The USD/JPY exchange rate rebounded last week as the US Dollar Index (DXY) recovered from its lowest level of the year. The pair rose from a low of 139.95 on Monday to a high of 143.2, up by 2.7% from its lowest level this year. This article provides a forecast ahead of the upcoming BoJ interest rate decision and key US economic data.
BoJ interest rate decision ahead
The main catalyst for the USD/JPY pair this week will be the Bank of Japan interest rate decision scheduled on Friday.
This will be an important meeting as the BoJ will provide more color on the economy and hints on what to expect later this year.
While Japan’s inflation is rising, analysts anticipate that the bank will maintain status quo as as ot observes the impact of Donald Trump’s tariffs.
Data released last Friday showed that consumer prices in Tokyo jumped from 2.9% in March to 3.5% this month. Core inflation, which excludes the volatile food and energy products, rose from 2.4% to 3.4%.
Tokyo inflation is closely monitored due to its large population, which stood at over 37 million as of 2024. Its population accounts for most of Japan, which has over 122.6 million people.
Another rate hike would likely harm Japan’s economy, as it would affect companies that are already struggling due to Trump’s tariffs.
Japan’s bond market is reflecting the fact that the BoJ will leave interest rates unchanged in this meeting. The ten-year bond yield has jumped to 1.3% from the year-to-date low of 1.057%, while the thirty-year yield has jumped from 2.20% to 2.7%.
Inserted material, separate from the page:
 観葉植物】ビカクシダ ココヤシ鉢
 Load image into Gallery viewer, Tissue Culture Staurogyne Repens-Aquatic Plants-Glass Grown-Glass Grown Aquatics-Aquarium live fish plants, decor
Still, the BoJ will likely resume its rate hikes late this year. Additionally, there are indications that the US and Japan will reach a trade agreement later this year. In a recent note, analysts at Citi said:
“Pre-tariffs, maybe the sun was starting to shine a little more brightly in Tokyo. But when the reciprocal tariffs were put on, and the auto tariffs, which obviously are big too, we said no rate hikes this year.”
Read more: Japan reports record $63B US trade surplus amid high-stakes tariff talks
US data dump ahead
The USD/JPY exchange rate will react to the upcoming US data dump this week. This dump will start on Tuesday when the Conference Board will publish the latest consumer confidence data. This is important data that predicts consumer spending in the economy. A significant drop can help to predict a recession.
The other top data to watch will come out on Wednesday when the US will release the latest personal consumer expenditure (PCE) data. This is a crucial report that the Fed watches closely because it measures change of prices in the rural and urban areas.
The USD/JPY exchange rate is expected to react to the latest US GDP and non-farm payrolls (NFP) data released on Friday. All these numbers will help to predict whether the Fed will cut or hike interest rates.
USD/JPY technical analysis
USD/JPY chart by TradingView
The daily chart shows that the USD to JPY exchange rate has been in a strong downtrend in the past few months. This decline coincided with the significant US dollar index plunge.
The pair has formed an inverse cup and handle pattern whose lower side is at 139.98. Its recent pullback is part of the handle section.
It also formed a death cross pattern on March 12, a sign that bears are in control. Therefore, a combination of the death cross and the inverse C&H pattern will point to more downside in the coming weeks. If this happens, the next point to watch will be at 139.98. A drop below that level will point to more downside.